Director Stock Purchase Signals Confidence
On May 26, Board Director Chris Hadfield made a personal acquisition of 2,000 shares for a combined $14,380. While the dollar amount is relatively small, insider transactions from board members typically draw investor attention — suggesting internal optimism about the company’s trajectory.
Hadfield joined the Momentus board during the company’s 2026 Annual Meeting of Stockholders, entering alongside CEO Rood.
Financial Projections and Government Partnerships
This capital raise arrives as Momentus begins demonstrating more substantial revenue generation. The organization forecasts $10 million in top-line revenue for 2026, representing a dramatic increase from 2025’s modest $1.1 million.
This anticipated growth stems from milestone-driven agreements with NASA and the U.S. Department of Defense. Momentus recently achieved the Preliminary Design Review milestone for its Vigoride 8 mission, which has reached full capacity and is scheduled for an early 2027 launch window.
The Vigoride 8 mission will transport payloads for Spaceworks and NASA. The company has also successfully executed the Vigoride 7 deployment.
Beyond this, Momentus has strengthened its financial position by eliminating certain convertible debt obligations.

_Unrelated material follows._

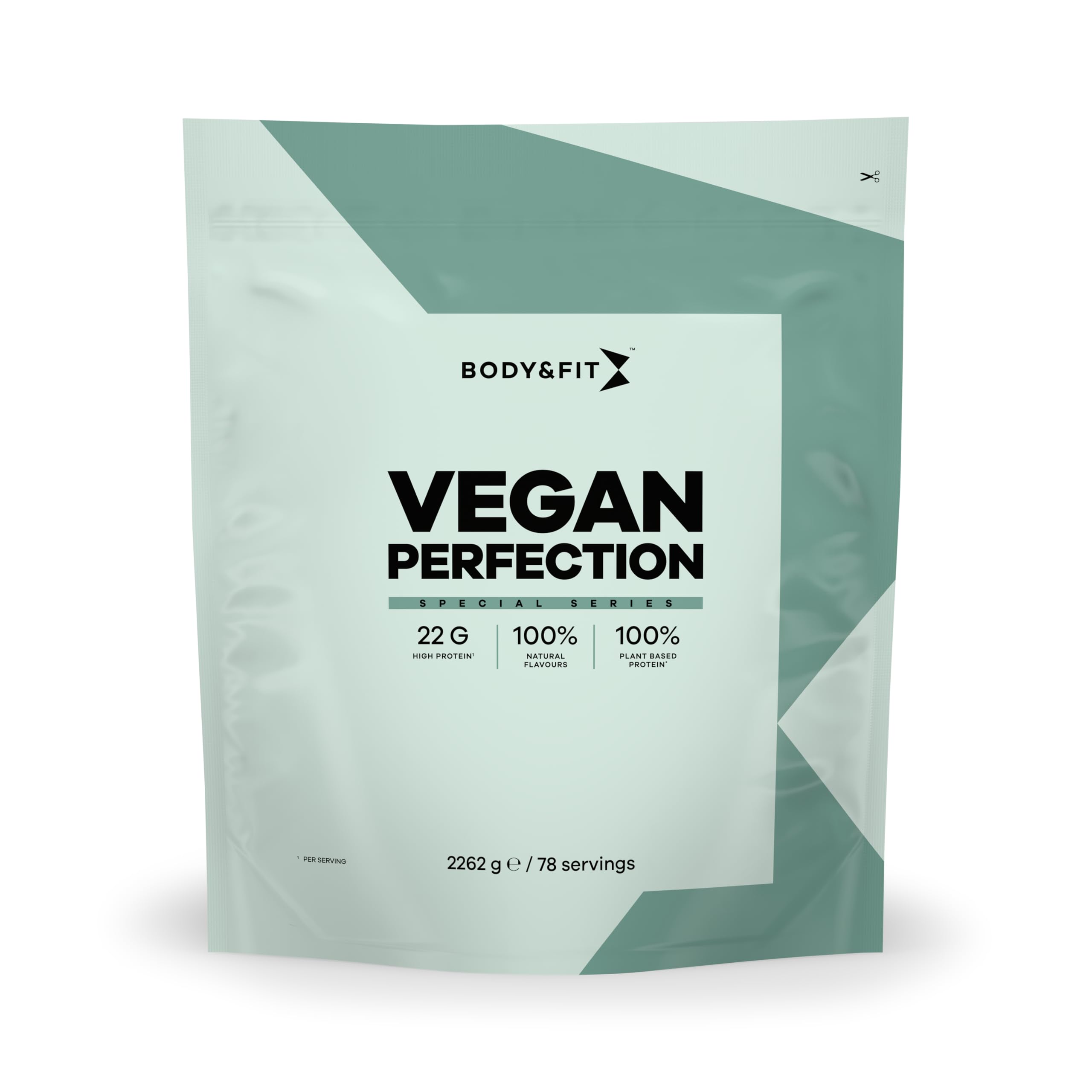 Body&Fit - Vegan Perfection, Protéines Végétales, de Pois et de Riz, Faible en Sucres, 2,26 kg (78 doses), Goût Chocolat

Outstanding promissory notes were exchanged for Class A common stock, while warrants previously granted to Yield Point NY, LLC were cancelled.
The organization also wrapped up an earlier $5 million financing round in which equity was sold at $3.75 per share to a lone institutional investor. That pricing now sits substantially below current trading levels.
Daily trading volume averages over 2.1 million shares. The technical sentiment indicator on TipRanks currently displays a Sell signal.
The recent insider acquisition and the $25 million capital raise represent the most current developments in what has been an eventful period for MNTS.